Work task: Collect each line of the records containing the string "Ultra".

Top of Stored data

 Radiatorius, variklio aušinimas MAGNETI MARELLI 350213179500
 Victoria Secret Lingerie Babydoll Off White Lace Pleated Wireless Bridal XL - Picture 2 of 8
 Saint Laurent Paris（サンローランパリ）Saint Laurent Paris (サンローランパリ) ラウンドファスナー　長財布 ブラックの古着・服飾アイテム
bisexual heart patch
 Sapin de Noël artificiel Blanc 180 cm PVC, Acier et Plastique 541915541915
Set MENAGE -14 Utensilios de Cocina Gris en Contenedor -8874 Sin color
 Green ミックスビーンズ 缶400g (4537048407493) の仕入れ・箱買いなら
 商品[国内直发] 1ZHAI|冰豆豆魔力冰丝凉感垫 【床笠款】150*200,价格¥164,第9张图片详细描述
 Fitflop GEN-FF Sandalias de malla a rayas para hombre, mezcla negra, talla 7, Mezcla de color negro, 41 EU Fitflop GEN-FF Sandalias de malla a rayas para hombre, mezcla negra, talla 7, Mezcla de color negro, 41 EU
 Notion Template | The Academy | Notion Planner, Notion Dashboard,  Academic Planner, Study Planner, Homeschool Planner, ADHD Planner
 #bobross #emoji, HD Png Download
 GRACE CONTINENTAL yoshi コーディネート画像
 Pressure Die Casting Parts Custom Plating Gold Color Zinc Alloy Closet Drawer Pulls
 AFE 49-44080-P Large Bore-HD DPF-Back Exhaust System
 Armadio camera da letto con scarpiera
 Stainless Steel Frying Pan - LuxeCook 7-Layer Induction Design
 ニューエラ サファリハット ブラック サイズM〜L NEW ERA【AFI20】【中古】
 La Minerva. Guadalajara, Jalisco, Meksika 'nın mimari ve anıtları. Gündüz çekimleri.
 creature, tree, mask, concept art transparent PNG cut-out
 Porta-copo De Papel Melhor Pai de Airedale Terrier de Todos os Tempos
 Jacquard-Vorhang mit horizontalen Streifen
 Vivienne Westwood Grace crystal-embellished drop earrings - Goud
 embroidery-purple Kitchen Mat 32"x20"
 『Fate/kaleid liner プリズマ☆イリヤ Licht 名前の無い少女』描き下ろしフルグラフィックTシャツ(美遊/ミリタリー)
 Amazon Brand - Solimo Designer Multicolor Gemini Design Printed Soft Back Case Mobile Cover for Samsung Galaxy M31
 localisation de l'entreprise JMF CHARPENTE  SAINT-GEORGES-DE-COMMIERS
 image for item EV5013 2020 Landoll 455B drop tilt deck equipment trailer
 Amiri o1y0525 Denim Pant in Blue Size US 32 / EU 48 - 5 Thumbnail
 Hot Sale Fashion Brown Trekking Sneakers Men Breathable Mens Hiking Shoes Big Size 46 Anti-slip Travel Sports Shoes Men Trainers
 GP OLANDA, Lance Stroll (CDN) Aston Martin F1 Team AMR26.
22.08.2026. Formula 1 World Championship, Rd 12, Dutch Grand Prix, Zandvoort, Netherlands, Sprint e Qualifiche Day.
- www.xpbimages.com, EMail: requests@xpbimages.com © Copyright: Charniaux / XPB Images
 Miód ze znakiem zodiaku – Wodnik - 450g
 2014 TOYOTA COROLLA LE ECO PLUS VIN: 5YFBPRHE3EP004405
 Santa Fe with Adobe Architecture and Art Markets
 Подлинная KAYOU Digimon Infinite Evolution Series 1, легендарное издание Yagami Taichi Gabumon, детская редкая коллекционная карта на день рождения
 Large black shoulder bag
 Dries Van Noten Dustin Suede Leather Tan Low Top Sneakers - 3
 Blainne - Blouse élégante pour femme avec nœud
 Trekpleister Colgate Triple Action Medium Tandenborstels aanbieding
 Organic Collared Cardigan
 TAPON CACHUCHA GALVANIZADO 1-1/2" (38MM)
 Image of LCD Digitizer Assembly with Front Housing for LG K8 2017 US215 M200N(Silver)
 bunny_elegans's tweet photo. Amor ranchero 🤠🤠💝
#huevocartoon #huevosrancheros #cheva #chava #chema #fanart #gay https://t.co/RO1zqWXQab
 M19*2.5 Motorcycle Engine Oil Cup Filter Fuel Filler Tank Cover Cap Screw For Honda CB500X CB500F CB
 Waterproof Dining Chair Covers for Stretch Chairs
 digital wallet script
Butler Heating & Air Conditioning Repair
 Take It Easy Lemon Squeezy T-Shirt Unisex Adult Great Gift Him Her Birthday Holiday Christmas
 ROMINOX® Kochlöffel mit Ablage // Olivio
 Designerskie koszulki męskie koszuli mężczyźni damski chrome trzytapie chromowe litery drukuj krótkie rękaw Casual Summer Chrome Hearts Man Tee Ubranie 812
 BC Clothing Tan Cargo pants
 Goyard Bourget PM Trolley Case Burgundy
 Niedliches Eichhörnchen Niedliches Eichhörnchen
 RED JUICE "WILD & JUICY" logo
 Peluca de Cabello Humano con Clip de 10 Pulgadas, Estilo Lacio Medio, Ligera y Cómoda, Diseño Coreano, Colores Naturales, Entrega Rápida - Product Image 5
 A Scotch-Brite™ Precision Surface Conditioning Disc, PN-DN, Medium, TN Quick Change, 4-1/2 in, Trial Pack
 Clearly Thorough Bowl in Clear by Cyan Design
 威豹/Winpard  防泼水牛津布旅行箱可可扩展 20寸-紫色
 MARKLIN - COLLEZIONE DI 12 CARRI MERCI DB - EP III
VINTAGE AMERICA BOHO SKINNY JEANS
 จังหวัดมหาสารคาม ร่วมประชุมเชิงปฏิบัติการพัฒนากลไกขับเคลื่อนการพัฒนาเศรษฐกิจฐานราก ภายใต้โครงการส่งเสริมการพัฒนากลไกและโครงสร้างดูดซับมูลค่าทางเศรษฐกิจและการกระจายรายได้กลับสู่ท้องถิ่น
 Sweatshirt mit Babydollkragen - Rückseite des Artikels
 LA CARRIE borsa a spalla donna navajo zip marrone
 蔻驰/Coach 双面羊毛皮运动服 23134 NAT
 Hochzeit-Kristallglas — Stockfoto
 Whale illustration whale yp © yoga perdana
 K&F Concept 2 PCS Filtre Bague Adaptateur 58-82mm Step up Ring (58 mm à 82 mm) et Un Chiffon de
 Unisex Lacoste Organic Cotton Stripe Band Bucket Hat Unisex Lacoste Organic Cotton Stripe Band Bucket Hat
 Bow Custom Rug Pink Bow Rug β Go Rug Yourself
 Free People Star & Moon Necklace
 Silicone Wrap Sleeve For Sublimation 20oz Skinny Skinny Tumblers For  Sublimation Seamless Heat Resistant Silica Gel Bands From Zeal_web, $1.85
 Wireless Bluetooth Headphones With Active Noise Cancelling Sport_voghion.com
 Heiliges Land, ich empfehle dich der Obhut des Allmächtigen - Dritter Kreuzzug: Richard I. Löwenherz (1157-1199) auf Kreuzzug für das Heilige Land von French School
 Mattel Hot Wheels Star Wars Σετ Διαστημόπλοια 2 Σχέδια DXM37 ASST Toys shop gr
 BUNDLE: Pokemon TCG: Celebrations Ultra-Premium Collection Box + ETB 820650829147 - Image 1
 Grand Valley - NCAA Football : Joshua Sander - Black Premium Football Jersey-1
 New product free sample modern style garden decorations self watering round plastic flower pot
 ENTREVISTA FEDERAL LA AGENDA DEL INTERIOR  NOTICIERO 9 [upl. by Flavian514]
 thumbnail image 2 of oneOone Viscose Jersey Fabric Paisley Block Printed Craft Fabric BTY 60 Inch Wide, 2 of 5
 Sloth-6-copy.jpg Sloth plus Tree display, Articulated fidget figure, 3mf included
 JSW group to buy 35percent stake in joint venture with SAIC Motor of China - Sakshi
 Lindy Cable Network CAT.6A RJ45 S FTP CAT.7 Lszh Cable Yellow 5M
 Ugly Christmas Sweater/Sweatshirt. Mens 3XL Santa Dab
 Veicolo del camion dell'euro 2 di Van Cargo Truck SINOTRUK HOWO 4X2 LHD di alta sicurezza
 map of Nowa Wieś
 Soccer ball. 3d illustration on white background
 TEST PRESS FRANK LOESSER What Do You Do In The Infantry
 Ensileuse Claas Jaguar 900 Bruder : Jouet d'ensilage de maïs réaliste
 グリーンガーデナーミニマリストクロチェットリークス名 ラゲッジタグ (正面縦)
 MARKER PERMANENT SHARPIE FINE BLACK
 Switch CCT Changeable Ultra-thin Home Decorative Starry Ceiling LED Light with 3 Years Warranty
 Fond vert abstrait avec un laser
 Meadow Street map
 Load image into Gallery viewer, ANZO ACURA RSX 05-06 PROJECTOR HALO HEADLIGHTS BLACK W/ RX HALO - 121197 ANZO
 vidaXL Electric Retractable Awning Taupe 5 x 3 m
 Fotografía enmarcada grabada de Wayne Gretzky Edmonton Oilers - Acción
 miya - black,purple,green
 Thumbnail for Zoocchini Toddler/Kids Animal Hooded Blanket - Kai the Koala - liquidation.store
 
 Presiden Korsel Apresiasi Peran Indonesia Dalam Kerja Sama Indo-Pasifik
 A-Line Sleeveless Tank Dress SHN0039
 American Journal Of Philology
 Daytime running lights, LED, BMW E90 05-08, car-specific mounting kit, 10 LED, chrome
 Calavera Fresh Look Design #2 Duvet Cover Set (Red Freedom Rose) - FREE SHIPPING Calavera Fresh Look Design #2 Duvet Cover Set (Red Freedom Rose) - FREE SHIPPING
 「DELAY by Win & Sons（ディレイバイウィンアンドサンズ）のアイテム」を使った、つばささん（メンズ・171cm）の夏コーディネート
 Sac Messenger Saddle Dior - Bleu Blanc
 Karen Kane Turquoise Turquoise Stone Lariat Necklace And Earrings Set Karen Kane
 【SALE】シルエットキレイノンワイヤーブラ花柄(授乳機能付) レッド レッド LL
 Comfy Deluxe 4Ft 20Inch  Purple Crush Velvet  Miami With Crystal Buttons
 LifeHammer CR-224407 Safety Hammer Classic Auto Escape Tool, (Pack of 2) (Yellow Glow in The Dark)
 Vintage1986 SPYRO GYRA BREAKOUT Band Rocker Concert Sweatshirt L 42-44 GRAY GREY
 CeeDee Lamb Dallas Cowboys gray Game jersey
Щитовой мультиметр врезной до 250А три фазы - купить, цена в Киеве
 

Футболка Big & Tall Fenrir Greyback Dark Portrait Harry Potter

Bottom of Stored data

Completed exercise:
 BUNDLE: Pokemon TCG: Celebrations Ultra-Premium Collection Box + ETB 820650829147 - Image 1
 Switch CCT Changeable Ultra-thin Home Decorative Starry Ceiling LED Light with 3 Years Warranty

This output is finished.